We’ve also been following the case of Andrea Hernandez, the brave San Antonio High School student that has been fighting for her right to attend school RFID-free after several schools districts, including some in Austin and Dallas Texas, mandated students wear RFID tags that would track them throughout campus and entering and exiting school. Similar RFID technologies are used to track Los Angeles county inmates.
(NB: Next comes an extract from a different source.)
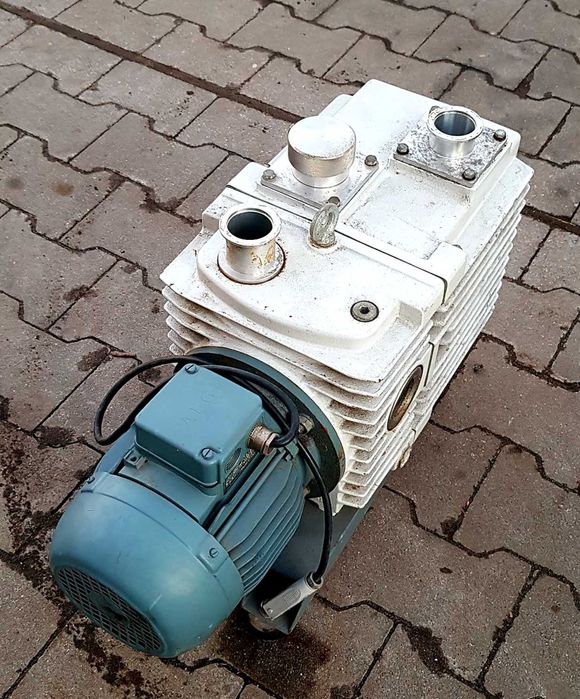 LEYBOLD Dwustopniowa Pompa Łopatkowa D30A Silnik AEG AM90SX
Author Annette Fuentes describes the indoctrination of students to, in sheep-like fashion, unconditionally obey instructions from authorities, no matter how insane, for fear of being singled out as a criminal. She argues that “school-to-prison” and “prison-to-school” pipelines are visibly manifested in U.S. public schools today in her book “Lockdown High: When the Schoolhouse Becomes a Jail House.” An excerpt from that book appears on the Rutherford Institute website:

“I would say there is a school-to-prison pipeline, but there is also a prison-to-school pipeline. [The use of security hardware (cameras, metal detectors and retina detectors) and the practice of treating students as suspects are strategies of the criminal justice system, and they have been flowing into the schools.] It’s like a two-way street, a two-way system that mixes the educational and criminal justice systems. The end result is that we have schools in which the learning environment has been degraded and undermined because we are teaching kids to fear and feel that they are suspects at any particular time.”

One student fighting against tyranny can make a difference, as San Antonio student Andrea Hernandez exemplified.